The article begins with background on both the nature of algorithmic selection tools and the legal backdrop of antidiscrimination laws. It then breaks down the key reasons why employers, courts and policymakers will struggle to fit these tools within the existing legal framework. These challenges include algorithmic tools’ reliance on correlation; the opacity of models generated by many algorithmic selection tools; and the difficulty in fitting algorithmic tools into a legal framework developed for the employee selection tools of the mid-20th century.
The article concludes with a comprehensive proposed legal framework that weaves together the usually separate analyses of disparate treatment and disparate impact. It takes the fundamental principles of antidiscrimination laws, and the landmark Supreme Court cases interpreting them, and articulates a set of standards that address the unique challenges posed by algorithmic tools. The proposed framework (1) uses tests of reasonableness in disparate impact analysis in place of tests of statistical significance, which will become less and less meaningful in the age of Big Data; (2) requires employers to satisfy a modified form of the business necessity defense when an algorithmic tool has a disparate impact on a protected group; and (3) allows employers to use novel machine-learning techniques to prevent disparate impacts from arising without exposing themselves to disparate treatment liability.

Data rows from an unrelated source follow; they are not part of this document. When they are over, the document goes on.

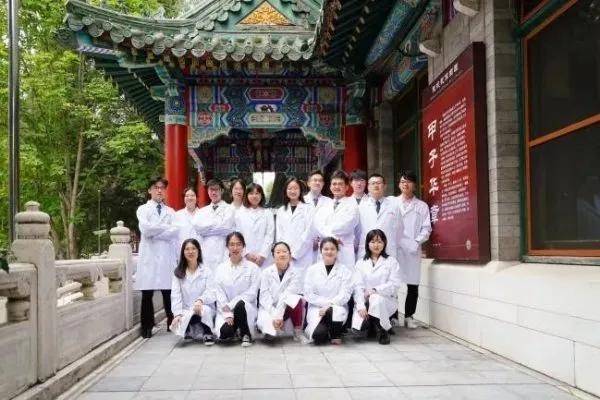 金融学生成了医学博士<strong></p>
<p>牛玩虚拟币</strong>,协和“4+4规培”究竟是怎么回事?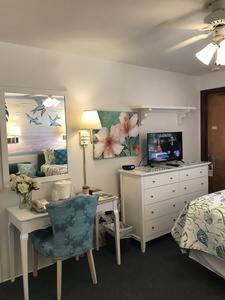 Rm #16 - Updated in JAN 2019! 1 Brand NEW Pillow-top Queen Bed. New Furniture. Colorful Ocean Mural. 2nd floor. Street/Parking View. Photo 4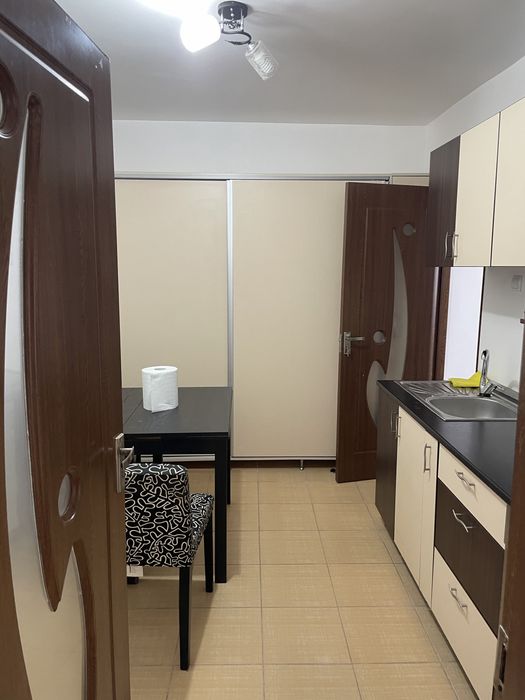 Inchiriez app 2 camere zona Zoo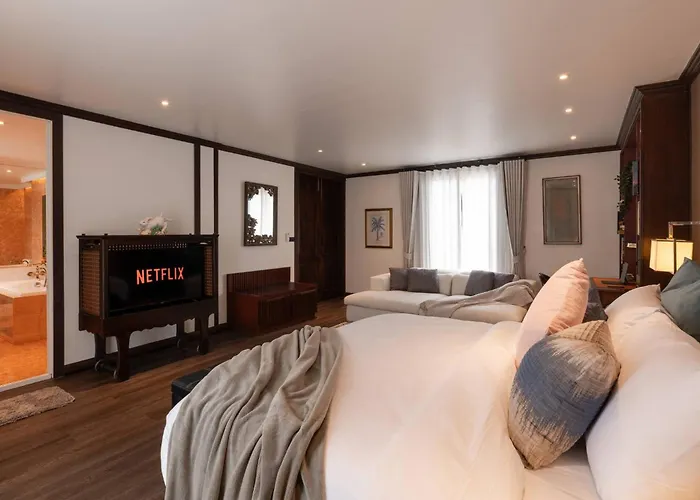 Presidential | 5 Min Bts, Sun-room| 159sqm Apartment Bangkok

While I was wrapping up that article, a new textbook came to my attention: Law As Data, a compilation of essays edited by Michael Livermore and Daniel Rockmore that looks at various application of data analysis in law. I haven’t read the entire tract, but the introduction explaining the philosophy that underlies the treatise troubled me; it is probably the most visible work yet that posits that law is nothing more than a set of of formal rules and logic that is essentially a “problem” that AI could theoretically “solve” using computation (as with checkers), or, at least, something on which machines will soon be able to “outperform” humans (as in Chess and Go). But there are many moral and philosophical objections with this view of what law is. My next substantive post will more deeply explore those issues.

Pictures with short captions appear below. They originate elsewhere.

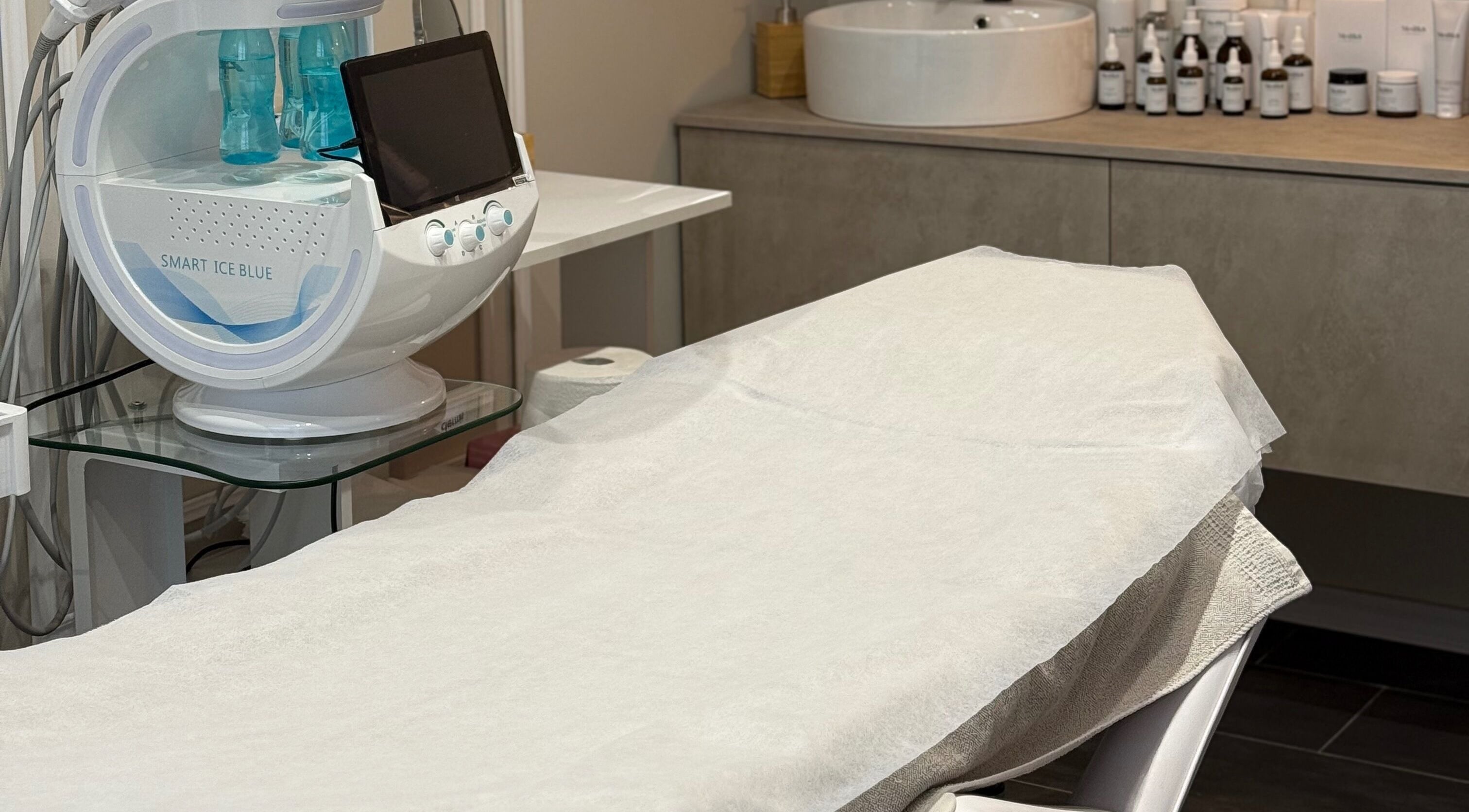 Процедурна зала в Hair Garden, София, Софийска област, BG, с модерна техника и уютна атмосфера.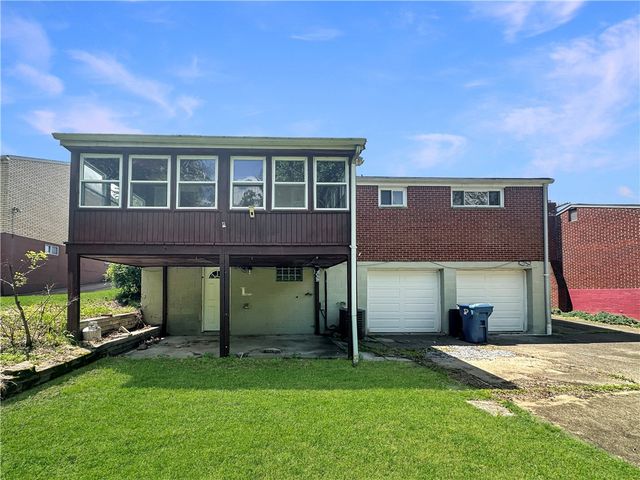 206 Shannon Heights Dr Suite 205, Verona, PA 15147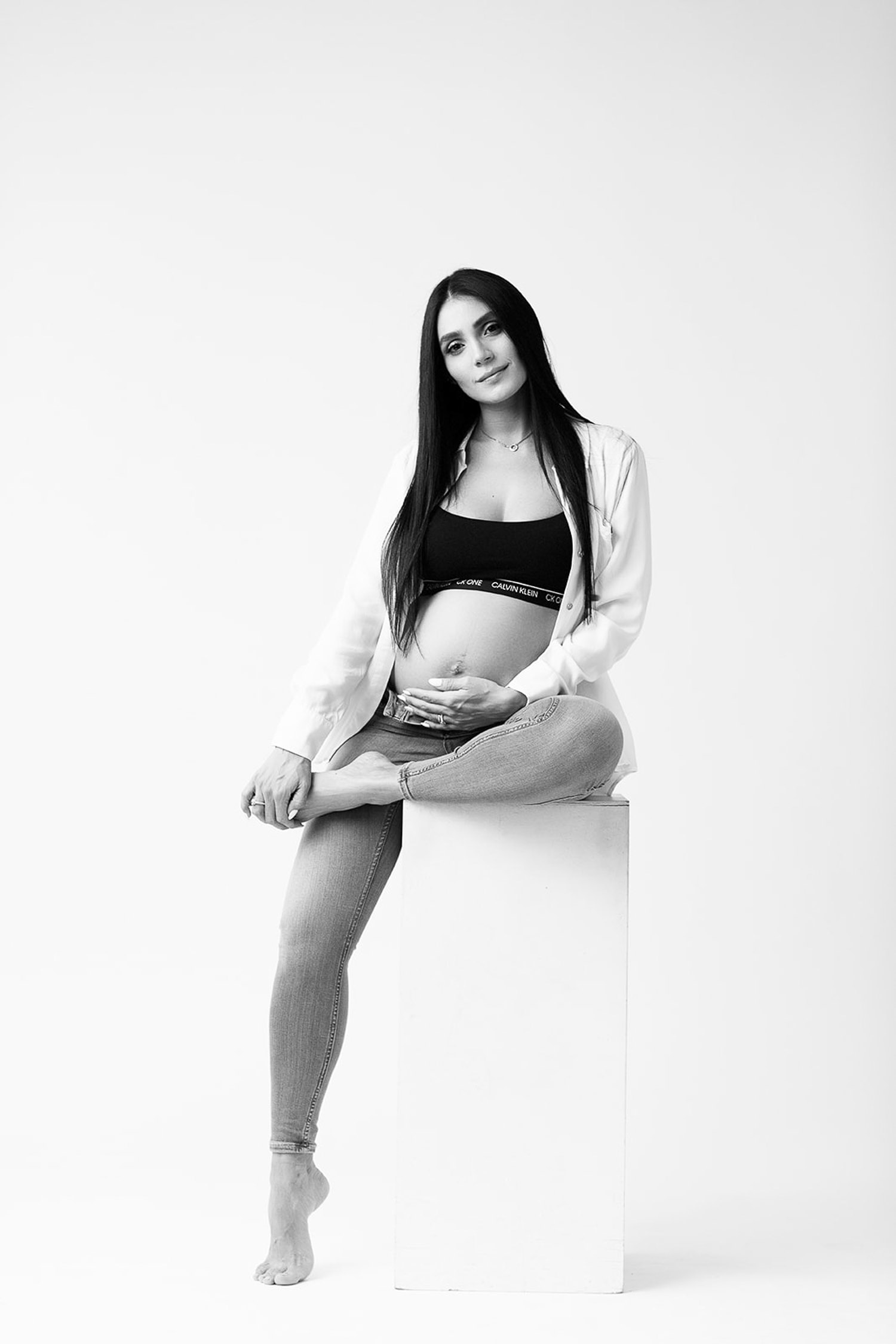 Black and white maternity photography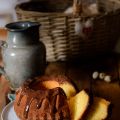 Einfacher Eierlikör Gugelhupf mit Schokoguss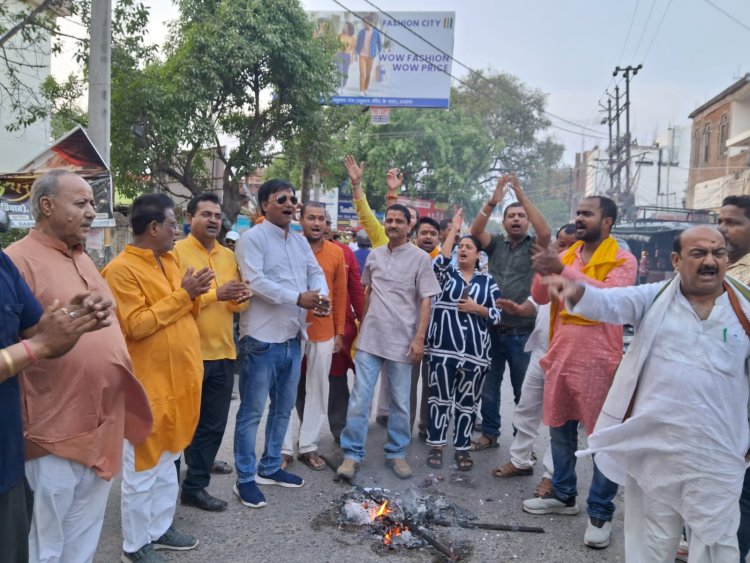 पढ़िए राष्ट्रीय स्तर की यह सनसनीखेज और सवालों से भरी विशेष रिपोर्ट! आख़िर कौन है वह निर्भीक महिला नेत्री जिसने बिहार के डीजीपी Vinay Kumar के आदेश को खुली चुनौती देते हुए दरभंगा की सड़कों पर ज्वालामुखी सा आक्रोश भड़का दिया? जानिए कौन हैं Priyanka Jha, क्यों उन्हें आस्था, न्याय और जनभावनाओं की लड़ाई में सड़क पर उतरना पड़ा, और किस ‘तुगलकी फरमान’ ने मिथिला की शांत धरती पर विरोध की ऐसी भयावह चिंगारी जगा दी कि भोगेंद्र झा चौक पर पुतला दहन तक की नौबत आ गई!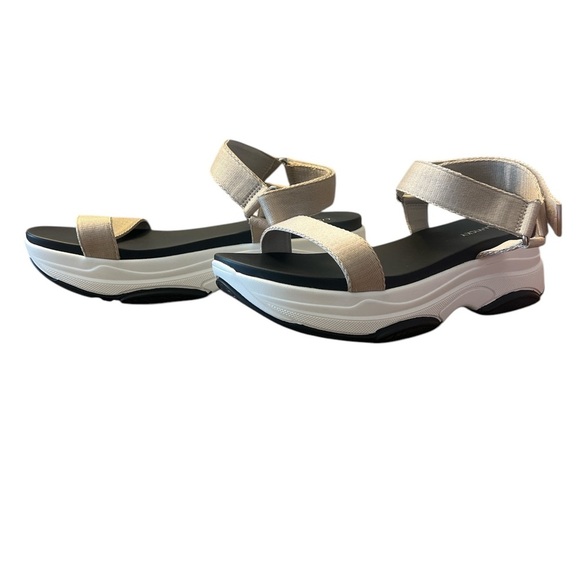Nordstrom Women's beige Sandals - Picture 3 of 8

In the meantime, the most significant AI-related legislation from the past few months was the enactment of a California law restricting the use of deepfakes in political messaging in the run-up to elections. I made appearances speaking about the bill on KPCC’s Airtalk both before and after it was enacted, appearing first alongside Eugene Volokh and then alongside Erwin Chemerinsky. Short version of my take: the new law might have some deterrent effect in the context of California state and local elections, but I think that the social media platforms on which deepfakes can be distributed are better-positioned to “regulate” the spread of deepfakes than individual state or even national governments are. The question is whether they will do so.